A compiler team wants to support 5 source languages targeting 4 hardware architectures. Without IR, how many separate translators do they need? With a shared IR?
AWithout IR: 9 (5 + 4); with IR: 20 (5 × 4)
BWithout IR: 20 (5 × 4); with IR: 9 (5 + 4)
CWithout IR: 20 (5 × 4); with IR: 5 (one per source language)
DThe number is the same either way; IR only affects optimization quality, not translator count
Without IR, each source language needs a direct translator to each target — 5 × 4 = 20 translators. With IR, you need m frontends (source → IR) plus n backends (IR → machine code) = 5 + 4 = 9 components. This m+n vs. m×n tradeoff is the core strategic value of IR. It scales dramatically: at 10 languages and 10 targets, the difference is 20 vs. 100 components. This is why LLVM's IR has been so influential — any language that emits LLVM IR gets all LLVM backends for free.

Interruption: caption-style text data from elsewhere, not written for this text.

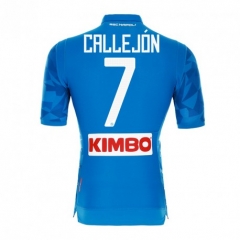 18-19 Napoli CALLEJON 7 Home Soccer Jersey Shirt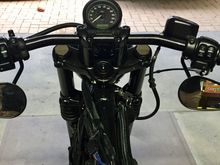 Controls mounted on left of bars 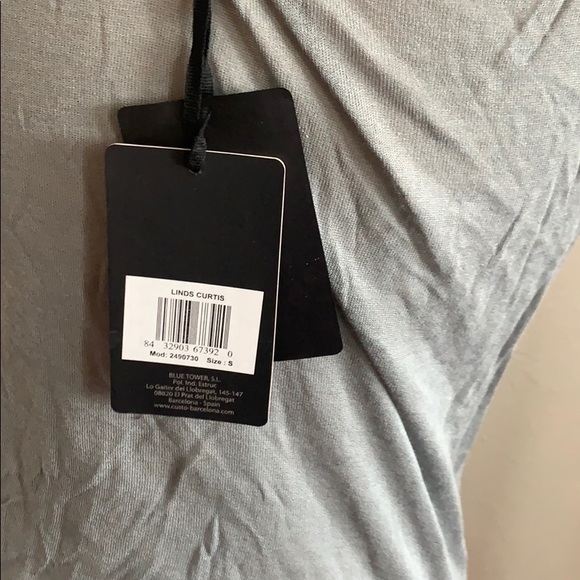 NWT Custo Barcelona Grey Dress - Picture 7 of 7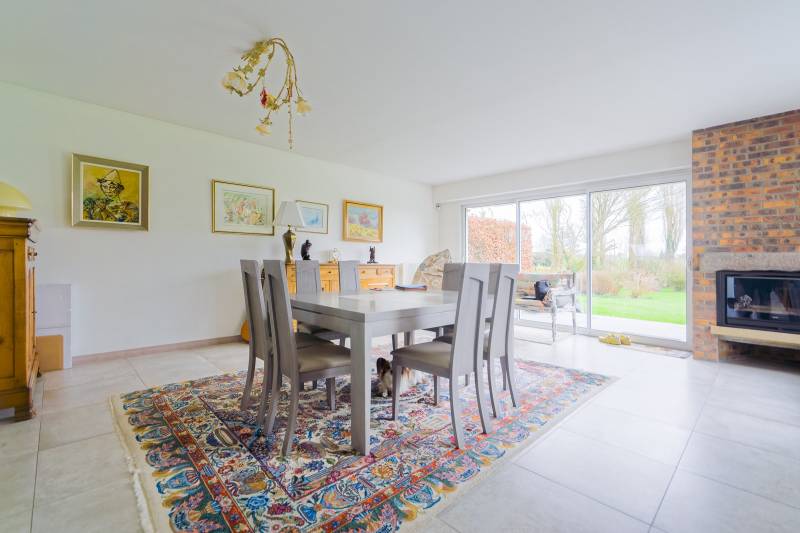 EN EXCLUSIVITÉ, Maison d'architecte de PLAIN-PIED TOTAL sur SOUS-SOL COMPLET située à BRÉAUTÉ (76110)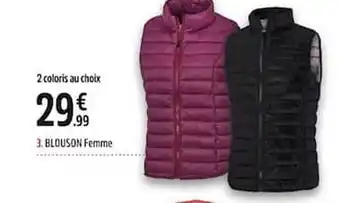Blouson femme
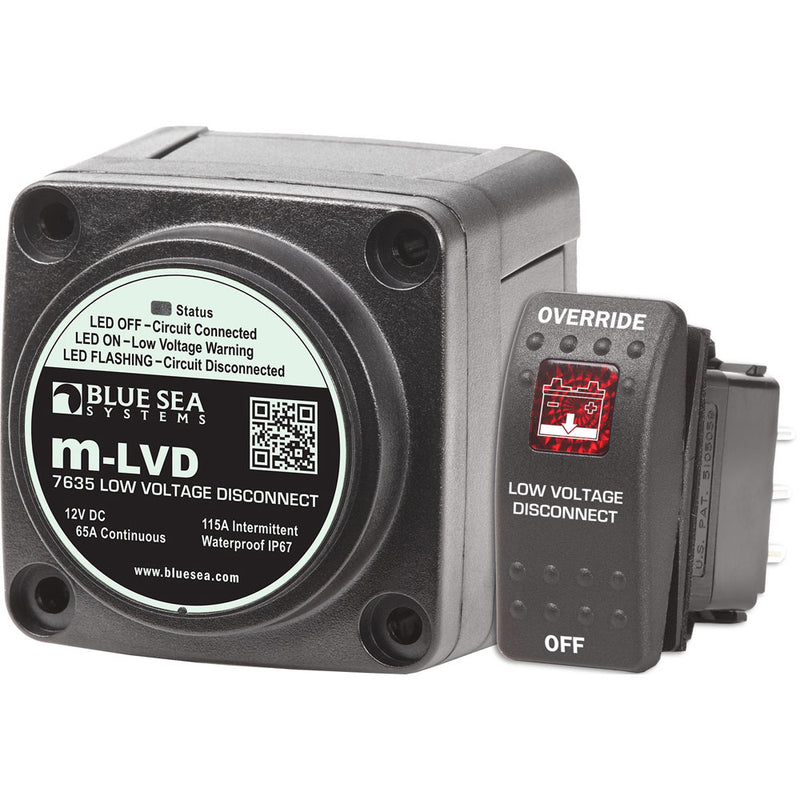 Blue Sea 7635 mLVD Low Voltage Disconnect 7635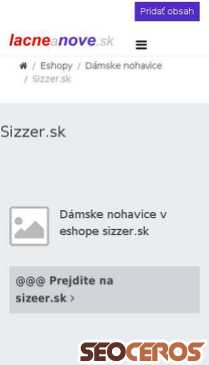 ln.vycuc.sk/eshopy/damske-nohavice/sizzer-sk mobil preview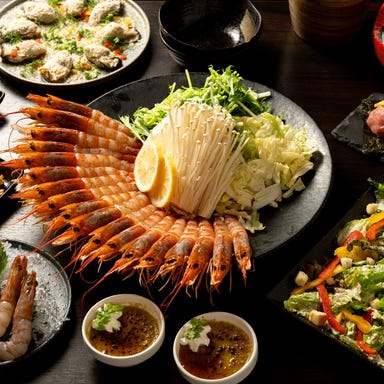 海老牡蠣酒場だるま_【 海老しゃぶコース 】歓送迎会にも◎当店一番人気☆海老しゃぶと海老尽くしコース≪2時間飲み放題付き≫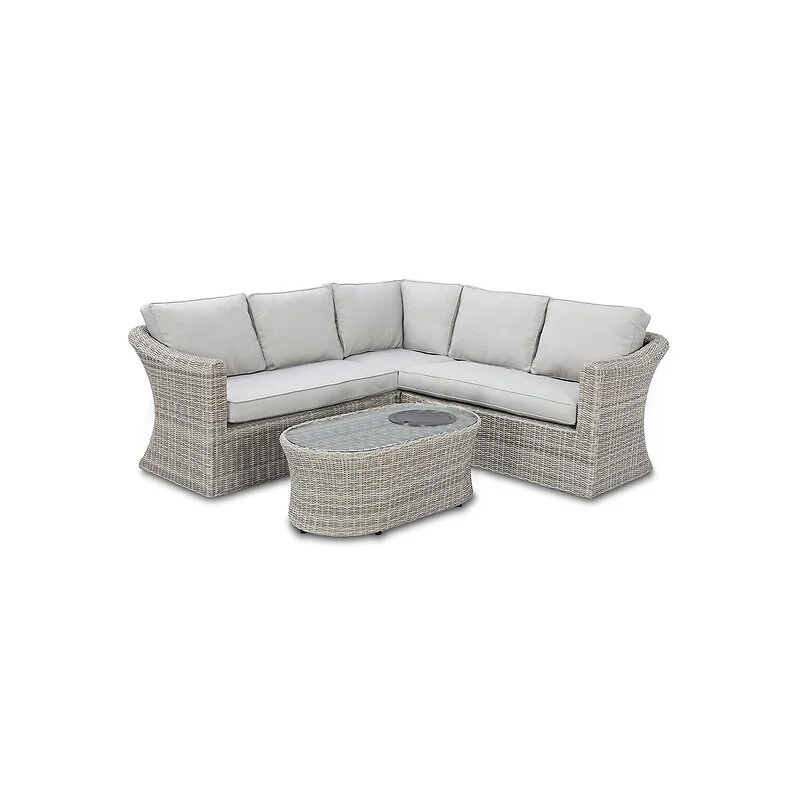 Maze Rattan Oxford Small Rattan Corner Group - With Fire Pit Coffee Table image 2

Question 2 Multiple Choice
Why is three-address code (TAC) better than an AST as a target for optimization passes like dead code elimination or constant folding?
ATAC is closer to machine code, so optimization passes run faster
BTAC eliminates all temporary variables before optimization, reducing state to track
CTAC mirrors source language syntax, making it easier to preserve programmer intent
DTAC flattens expressions into sequential instructions with named temporaries, making data flow and control flow explicit and easy to analyze
An AST mirrors the tree structure of the source syntax, which is awkward for optimization — you need recursive tree traversals, and data flow between expressions is implicit in the nesting. TAC decomposes every expression into at most one operation using named temporaries (t1 = b*c; t2 = a+t1), making every data dependency an explicit named reference. Control flow becomes explicit labels and gotos. This flat, explicit form is ideal for constructing data flow graphs, identifying dead assignments, finding common subexpressions, and all standard optimizations.
Question 3 True / False
A single set of optimization passes (e.g., dead code elimination) written for an IR can be applied to programs from multiple source languages.
TTrue
FFalse
Answer: True
Yes — this is a core benefit of IR. Optimizations are written once against the IR, not against individual source languages. Once Python, Rust, and C all compile to LLVM IR, LLVM's dead code elimination, constant folding, and inlining passes apply to all three without modification. The frontend translates source to IR; the optimizer works on IR; the backend generates machine code from IR. Each phase is independent.
Question 4 True / False
Using an IR layer typically produces slower machine code than a direct source-to-machine translation, because the extra translation step introduces inefficiency.
TTrue
FFalse
Answer: False
The opposite is generally true. IR enables machine-independent optimizations (constant folding, dead code elimination, common subexpression elimination, inlining) that operate before any target-specific code generation. A direct source-to-machine translation typically applies only simple, local optimizations. The IR-based approach, by exposing program structure in an analyzable form, enables deeper analysis and better code. SSA form in particular enables powerful optimizations that would be impractical on an AST or direct machine code.
Question 5 Short Answer
Why is three-address code a better target for optimization than an abstract syntax tree, even though both represent the same program?
Think about your answer, then reveal below.
Model answer: An AST mirrors source syntax: expressions are nested, data flow is implicit in tree structure, and control flow is buried inside if/while/for nodes. Optimization requires traversing the tree recursively and reasoning about implicit relationships. TAC explodes every expression into a flat sequence of single-operation instructions using named temporaries, making every data dependency an explicit reference and every control transfer an explicit goto. This means a compiler can extract data flow and control flow graphs directly, identify which definitions reach which uses, and apply standard analysis algorithms (liveness, reaching definitions, dominance) without first transforming the structure.
The transformation from AST to TAC trades tree structure for sequential explicitness. Optimizations that would require complex tree transformations become simple instruction-level substitutions on TAC. This is why SSA form (a restricted TAC where each temporary is assigned exactly once) simplifies optimization further — it makes data flow not just visible but unique, trivializing many analyses.